> _Problem to solve_
From the line containing "2018/23 Toyota VELLFIRE" to the last line of the records below, transcribe everything exactly, pictures excluded.

> _Excerpted data_
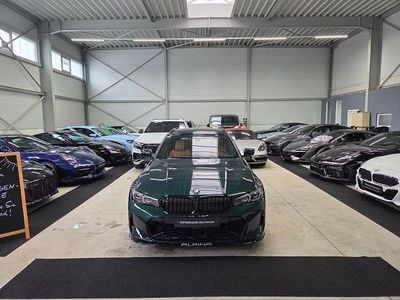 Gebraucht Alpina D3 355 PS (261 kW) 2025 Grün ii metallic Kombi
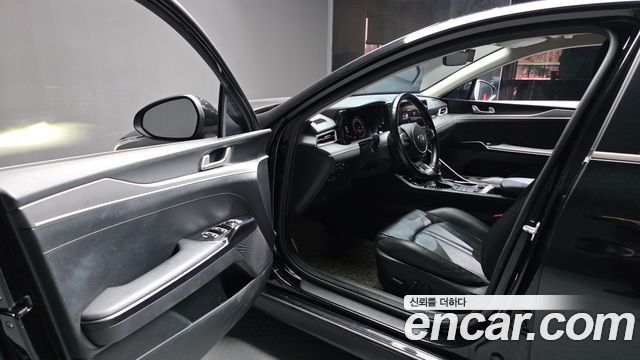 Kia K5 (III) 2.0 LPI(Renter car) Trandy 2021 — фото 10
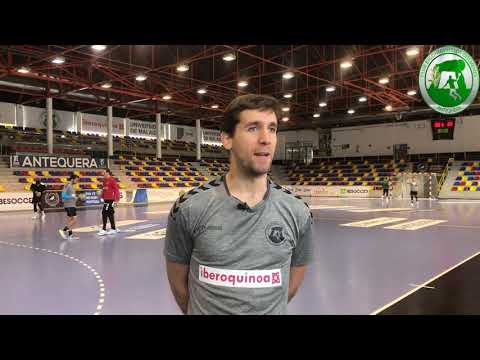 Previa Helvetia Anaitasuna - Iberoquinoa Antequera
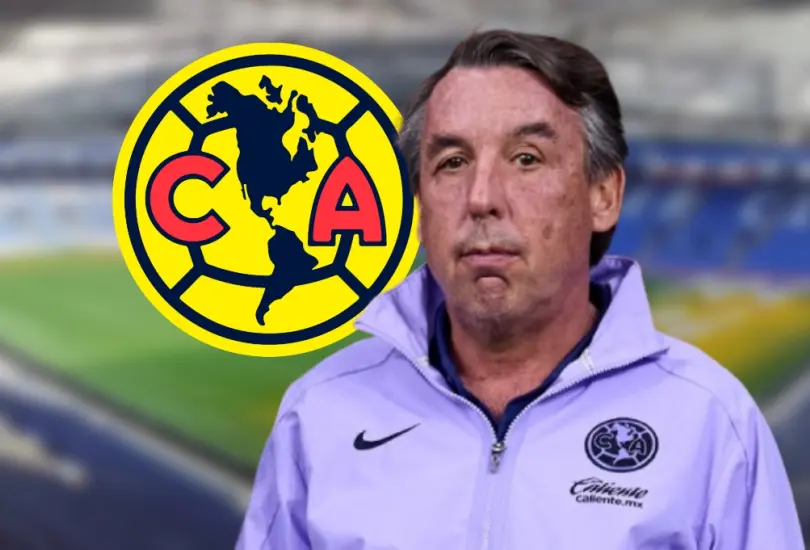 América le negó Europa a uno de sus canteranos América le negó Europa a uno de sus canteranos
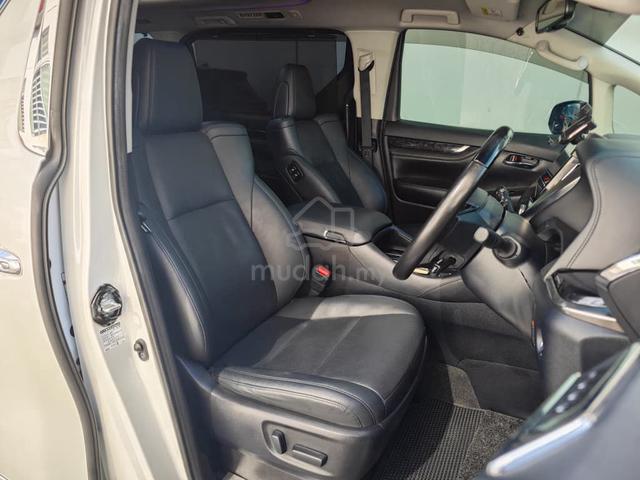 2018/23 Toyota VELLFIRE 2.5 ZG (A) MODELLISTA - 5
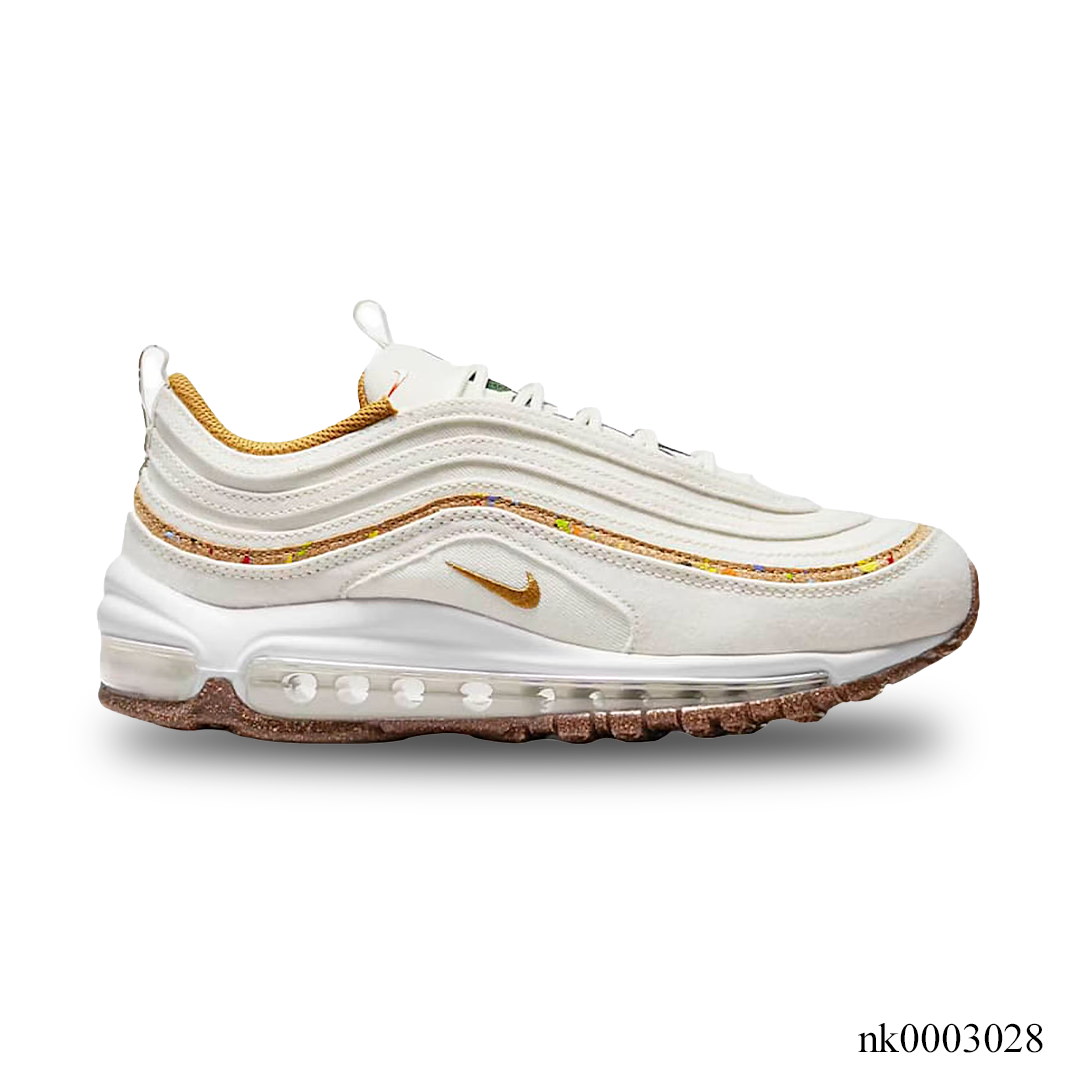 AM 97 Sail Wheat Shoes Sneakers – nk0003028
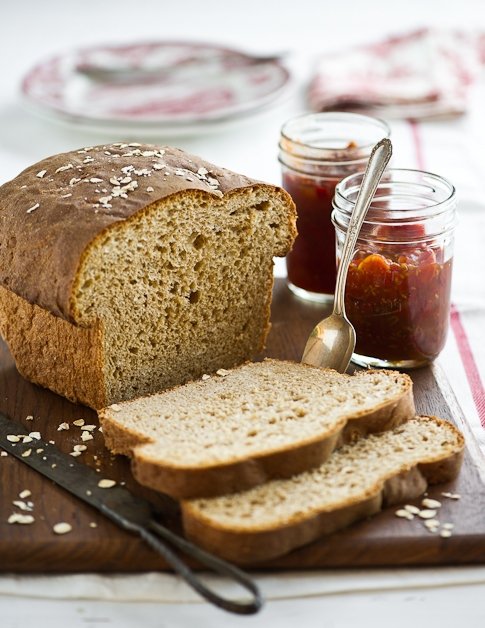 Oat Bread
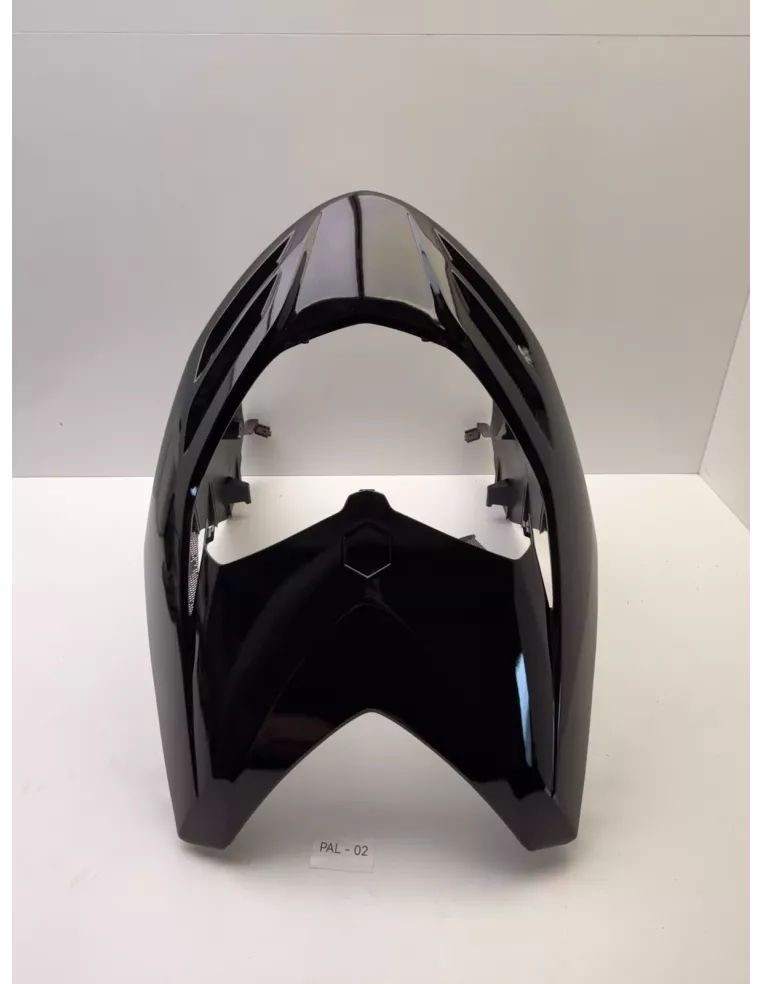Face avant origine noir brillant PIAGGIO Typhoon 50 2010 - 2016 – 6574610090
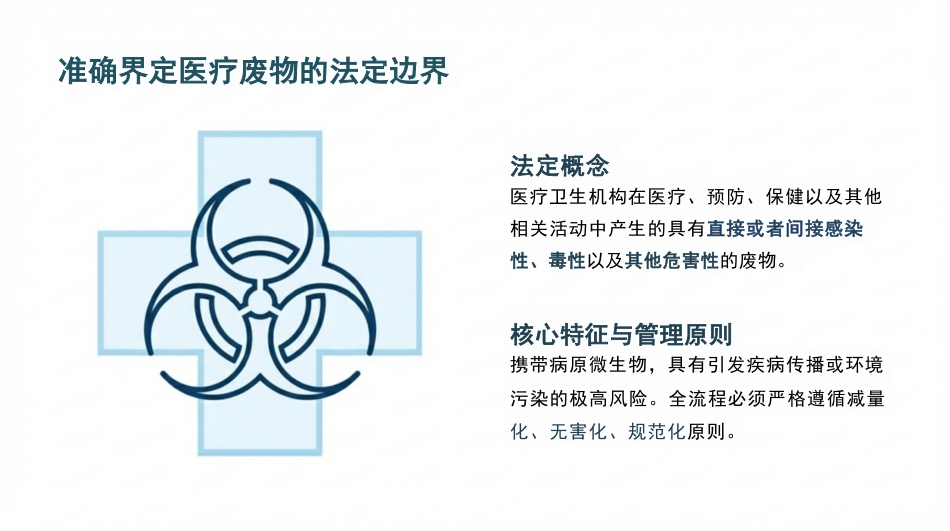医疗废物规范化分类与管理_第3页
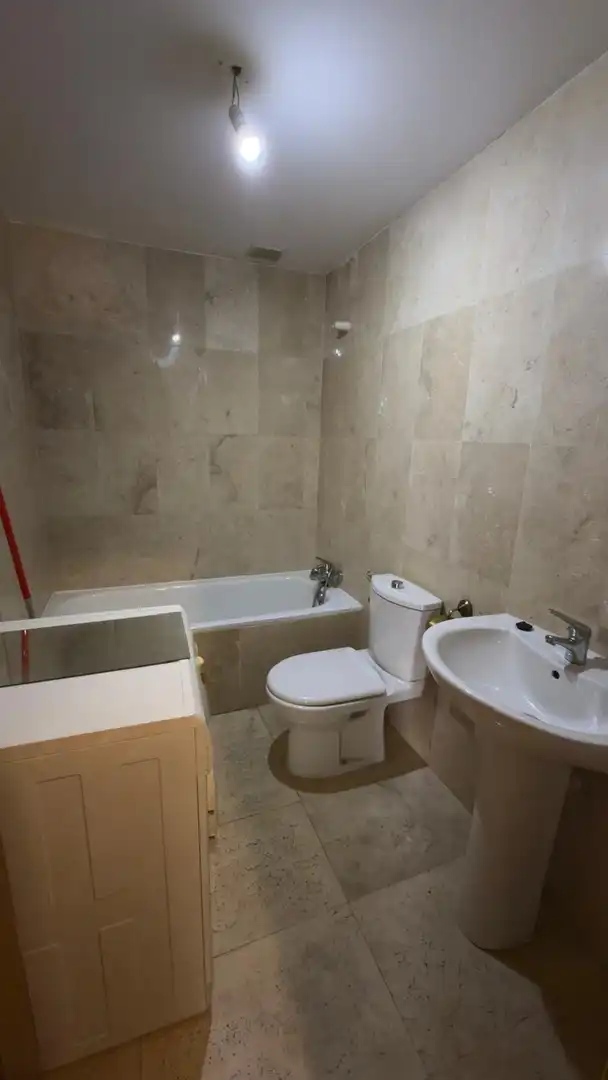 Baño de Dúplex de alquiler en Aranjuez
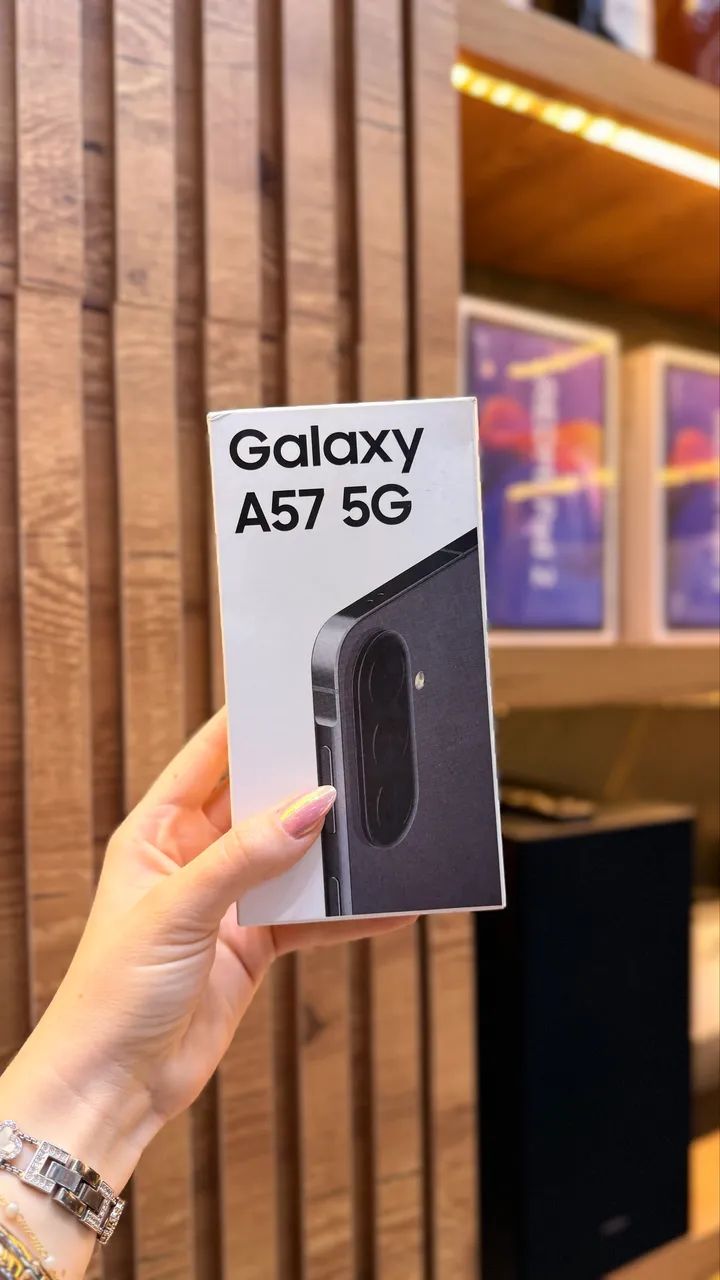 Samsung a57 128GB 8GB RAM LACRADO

> _Problem solution_
 2018/23 Toyota VELLFIRE 2.5 ZG (A) MODELLISTA - 5
 AM 97 Sail Wheat Shoes Sneakers – nk0003028
 Oat Bread
Face avant origine noir brillant PIAGGIO Typhoon 50 2010 - 2016 – 6574610090
医疗废物规范化分类与管理_第3页
 Baño de Dúplex de alquiler en Aranjuez
 Samsung a57 128GB 8GB RAM LACRADO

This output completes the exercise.